The West must remember that both the much-publicised proposed economic/financial ‘sanctions’ imposed by the G7 to cripple the adversary and the stamina as well as endurance of the sanctioned nation have shelf lives as they depend on who blinks first or who outruns the other, and when.

Let’s take a few examples from history to visualise as to what could be the way to surviving or thriving. In the 431-404 BC Peloponnesian War fought between Athens and Sparta, ‘a trade boycott imposed by Athens on Sparta’s ally Megara’ led to the 27-year-long war, resulting in much misery and ruin, according to great chronicler Thucydides.

In modern times, the then US President Woodrow Wilson, perhaps, was the earliest to recognise sanctions as a “peaceful, silent, deadly remedy” to fix an adversary as “there will be no need for force.”

In less than 23 years, Wilson’s successors, despite imposing a fuel and steel embargo on Japan, provoked Tokyo to launch a deadly pre-emptive strike on the US, thereby escalating and transforming a European war into World War II. Sanctions have proved to be good in theory but bad in practice. Sanctions don’t necessarily restrict or nip a war in the bud because every living species is bound to counter-attack when death is imminent and inevitable. The law of nature stands ‘as is where is’ since time immemorial.

One just has to visualise the world’s battlefields to understand how ferocious hand-to-hand fights or ‘death-wish’ combatants are a part of a nation’s folklore.

Hence, the bottom line of conventional war even today, like the Russia-Ukraine conflict, is the death of countless soldiers. No nation can fight a long-drawn land war without an inexhaustible supply of able-bodied men awaiting their turn for the grave. The death zone is a frightening prospect for the wealthy nations, especially the West, which started it and got a taste of their aggression in the two wars of the 20th century and are now petrified to see the scale of fatality in mainland Europe.

The West realises well that today, it cannot physically fight Napoleonic or Hitlerian wars in its own backyard. Contemporary Europe faces twin debilitating factors: “slowest (mostly minus) growing population” in 28 nations and lowest fertility rate in 22 countries. The West can be physically present only inside Ukraine. It’s bizarre because direct military action by the West is impossible for one reason or another; nay, both the rapid demographic devastation and the irreversible economic damage.
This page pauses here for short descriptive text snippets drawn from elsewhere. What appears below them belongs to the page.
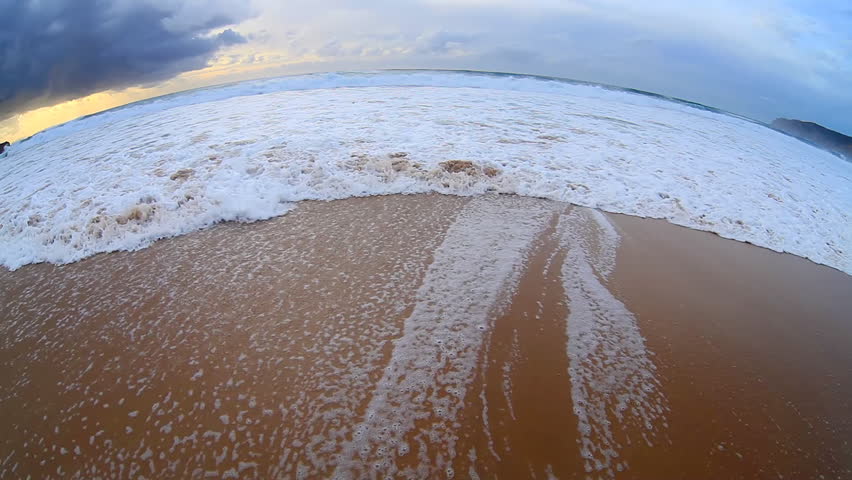 wave crashes onto shore, fish-eye  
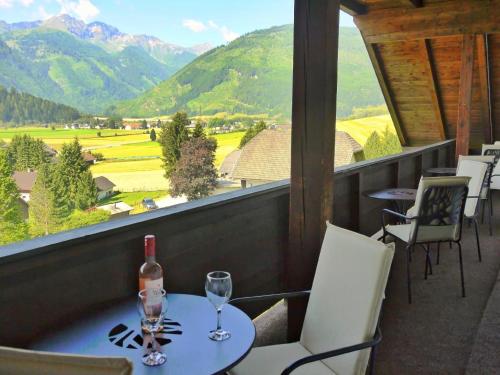 a table with a bottle of wine and glasses on a balcony at Wohl eingerichtete Wohnung mit eigenem Balkon in Sankt Michael im Lungau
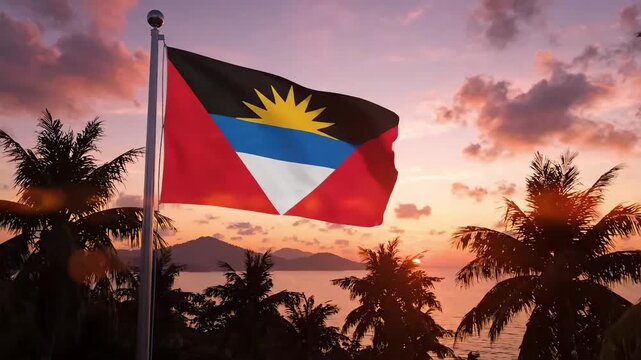 Antigua flag waving on flagpole at tropical beach sunset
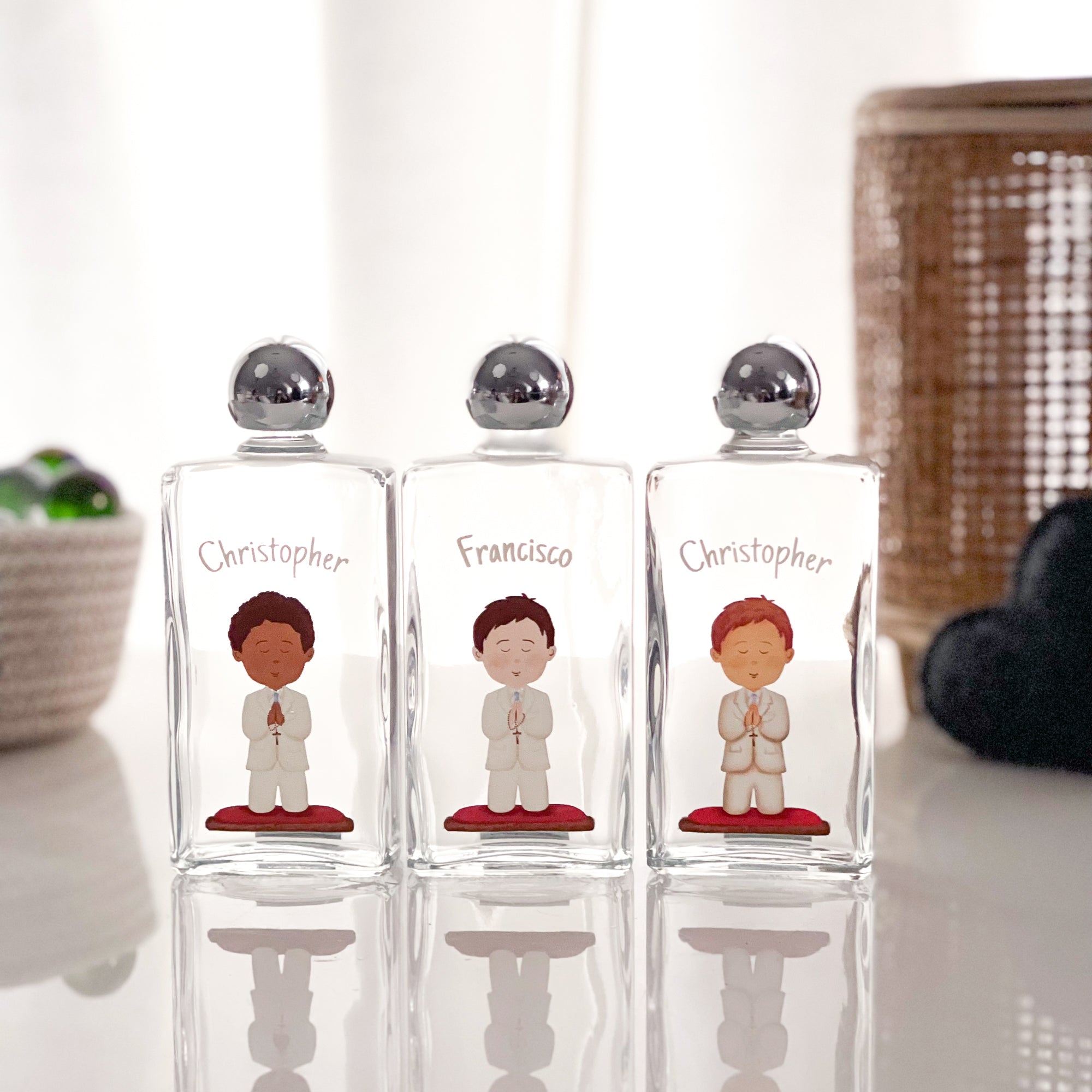 Personalized, clear glass favor bottles with metal lids, decorated with praying boy graphics for religious events.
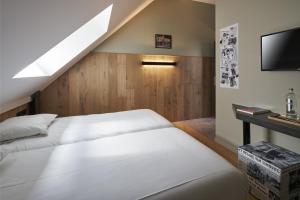 博尔赫隆Café Coureur Borgloon的一间带两张床和电视的卧室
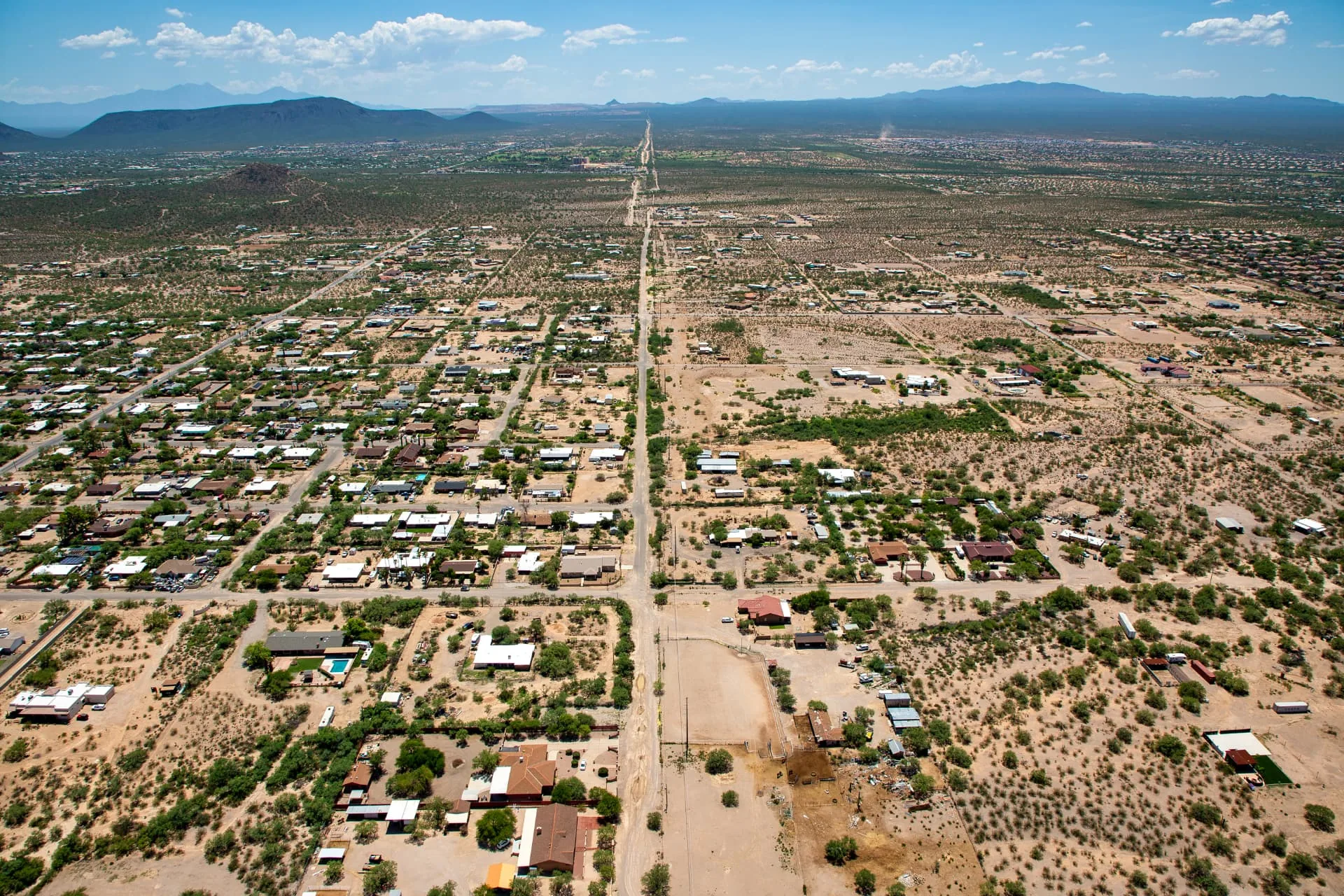 Aerial view of a desert residential grid outside Phoenix, Arizona with mountains on the horizon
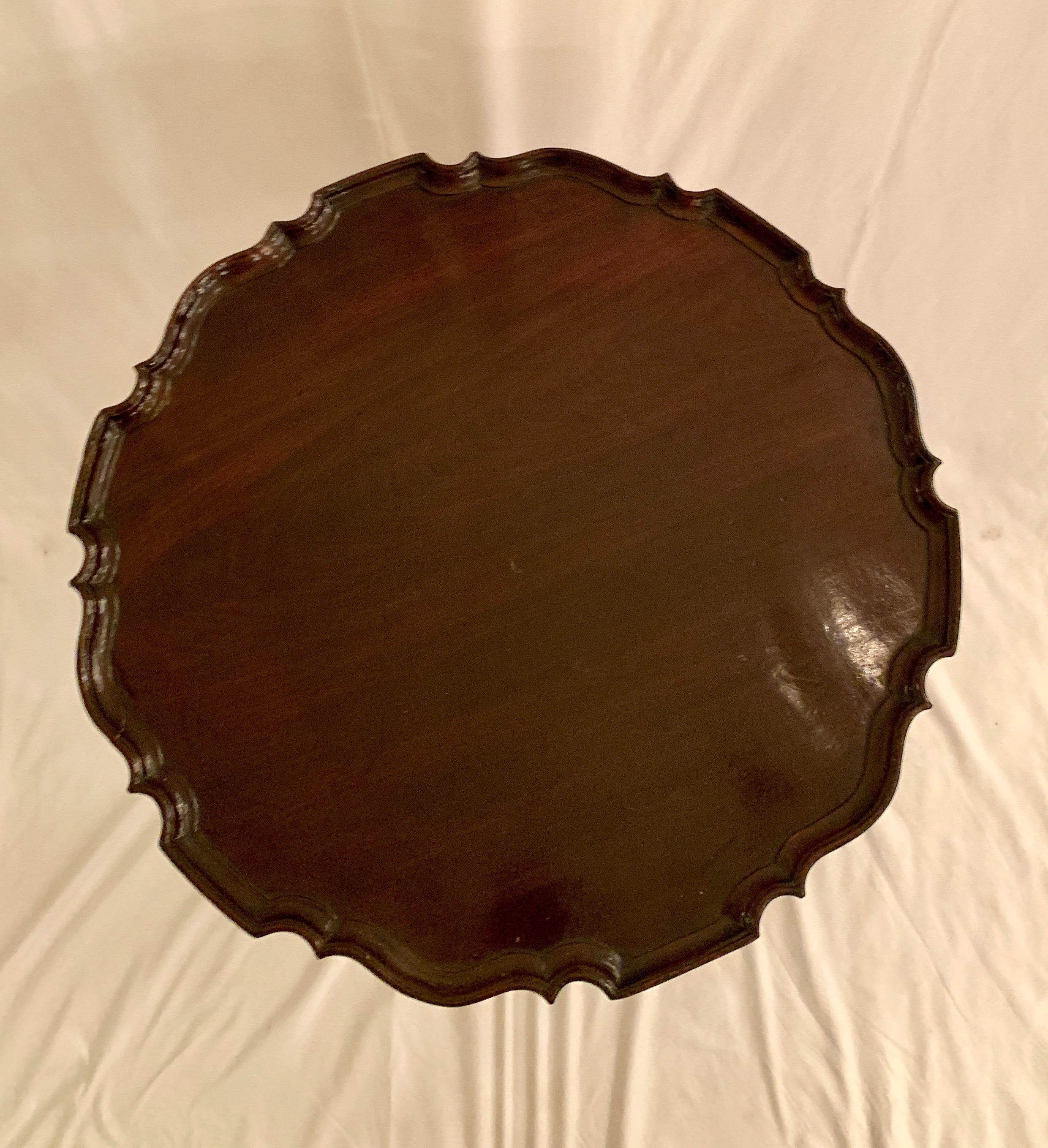 Antique English mahogany pie crust table, late 19th century.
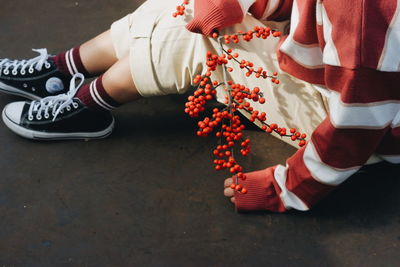 Low section of woman sitting on floor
Hence, when “doing nothing” is likely to be seen as complicity, “something’s to be done to express morality of solidarity”, something that at least sends a clear signal to the world that what the alleged aggressor is doing has the disapproval of the mighty G7, EU and NATO.

Sanctions, therefore, are the first as well as the last resort, not physical participation, to help Ukraine. Today, Ukraine’s condition is like that of Poland, Bohemia, Moravia and Slovakia before and during World War II.

It’s NATO (no action, talk only) for Ukraine. Arms to Ukraine, sanctions against Russia — both strategies have been in vain so far.